### Required action
Since the listing below shows pictures, leave them out and write out exactly the lines from the line with "Asamblea Municipal del" to the line with "公式 LEATHERMAN レザーマン", both included, and no others.

### Records for this exercise
──────────────────────────────
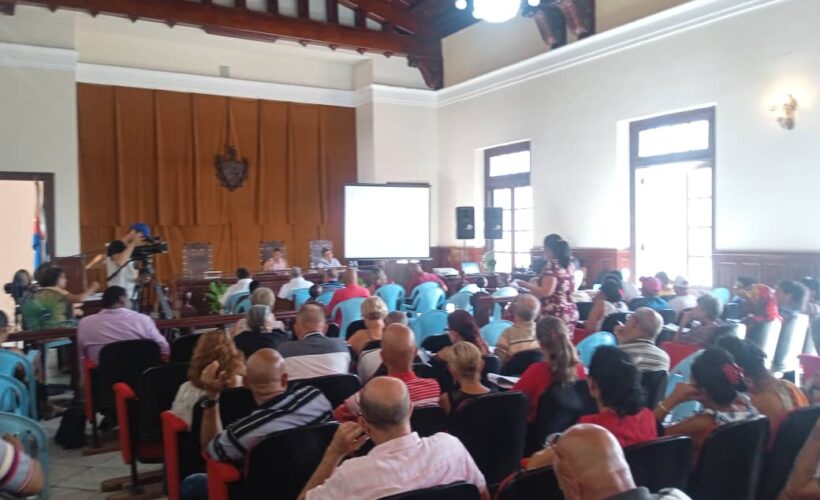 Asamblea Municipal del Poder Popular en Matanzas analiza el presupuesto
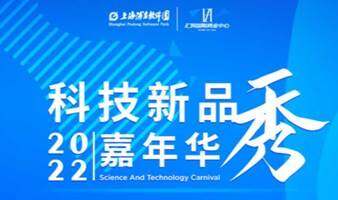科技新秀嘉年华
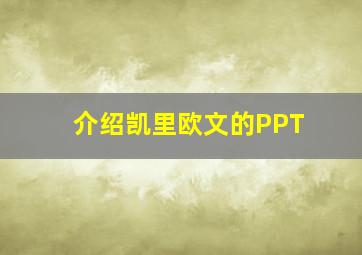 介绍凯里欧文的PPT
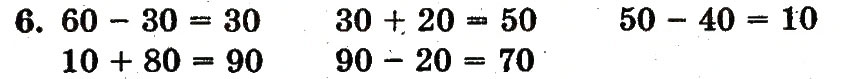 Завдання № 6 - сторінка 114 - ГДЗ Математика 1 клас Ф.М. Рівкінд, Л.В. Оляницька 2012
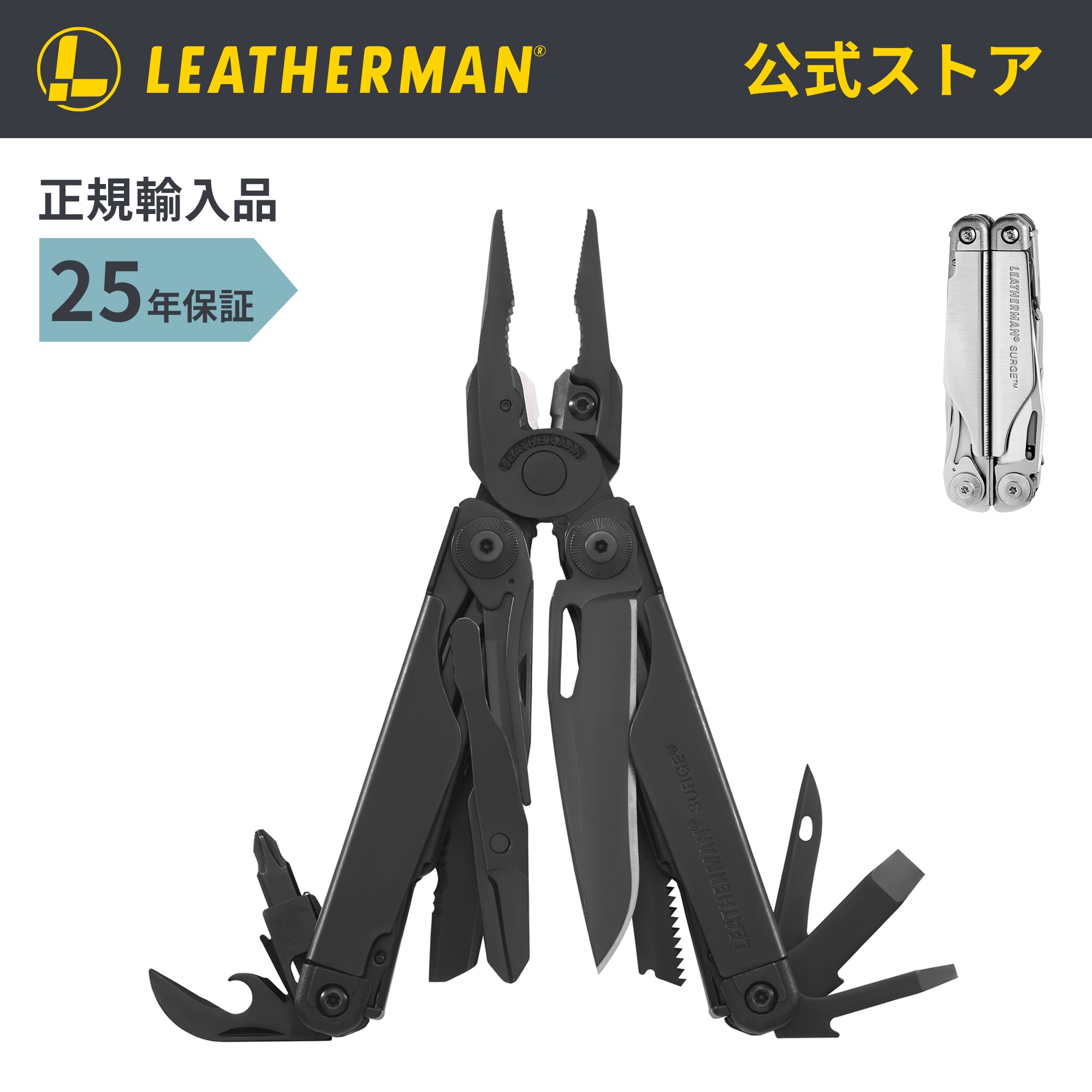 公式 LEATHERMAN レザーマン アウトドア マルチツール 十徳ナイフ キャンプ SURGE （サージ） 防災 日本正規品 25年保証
──────────────────────────────
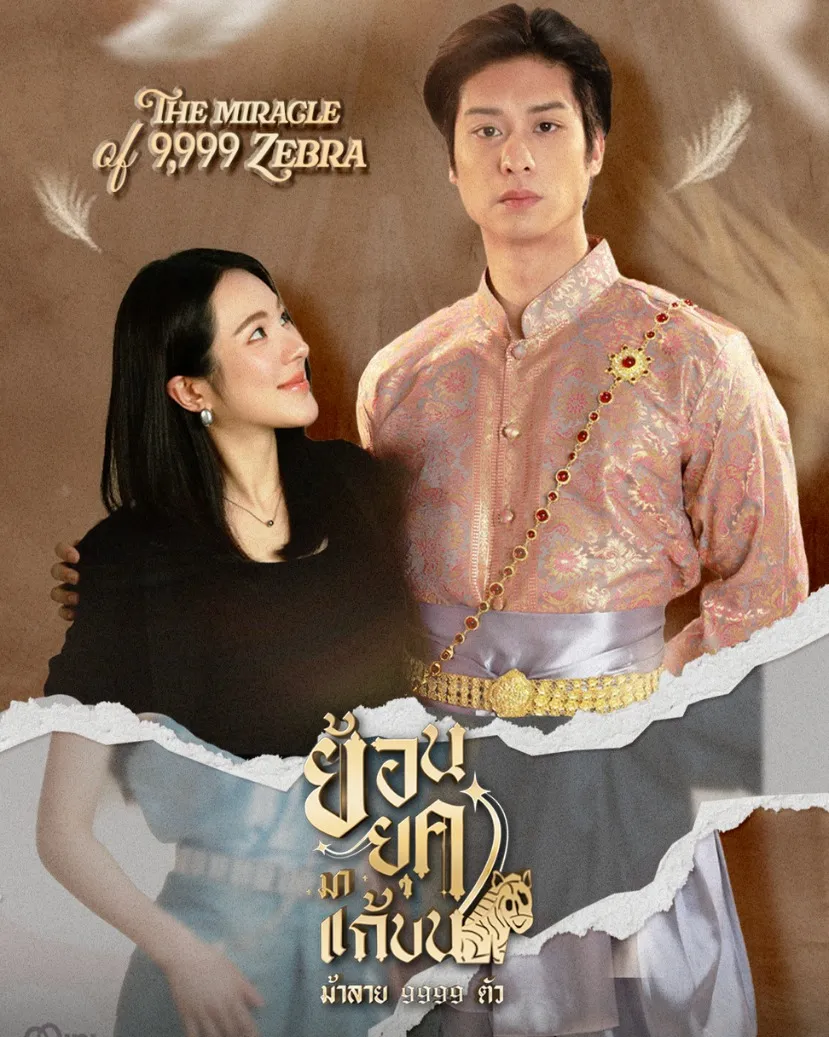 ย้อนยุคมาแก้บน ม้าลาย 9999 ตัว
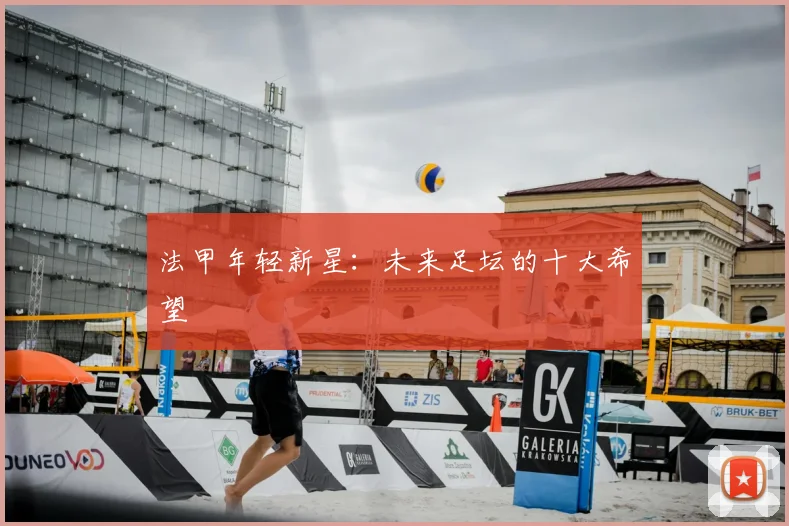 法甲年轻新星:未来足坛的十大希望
──────────────────────────────
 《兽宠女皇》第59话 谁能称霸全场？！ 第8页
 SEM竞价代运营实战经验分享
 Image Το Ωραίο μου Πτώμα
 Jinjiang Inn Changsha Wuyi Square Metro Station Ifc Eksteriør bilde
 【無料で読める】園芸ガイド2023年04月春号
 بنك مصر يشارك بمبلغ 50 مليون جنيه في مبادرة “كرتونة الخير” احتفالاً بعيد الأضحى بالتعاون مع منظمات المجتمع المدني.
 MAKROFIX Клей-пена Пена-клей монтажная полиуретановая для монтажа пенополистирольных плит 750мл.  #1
──────────────────────────────
### Written response
 Asamblea Municipal del Poder Popular en Matanzas analiza el presupuesto
科技新秀嘉年华
 介绍凯里欧文的PPT
 Завдання № 6 - сторінка 114 - ГДЗ Математика 1 клас Ф.М. Рівкінд, Л.В. Оляницька 2012
 公式 LEATHERMAN レザーマン アウトドア マルチツール 十徳ナイフ キャンプ SURGE （サージ） 防災 日本正規品 25年保証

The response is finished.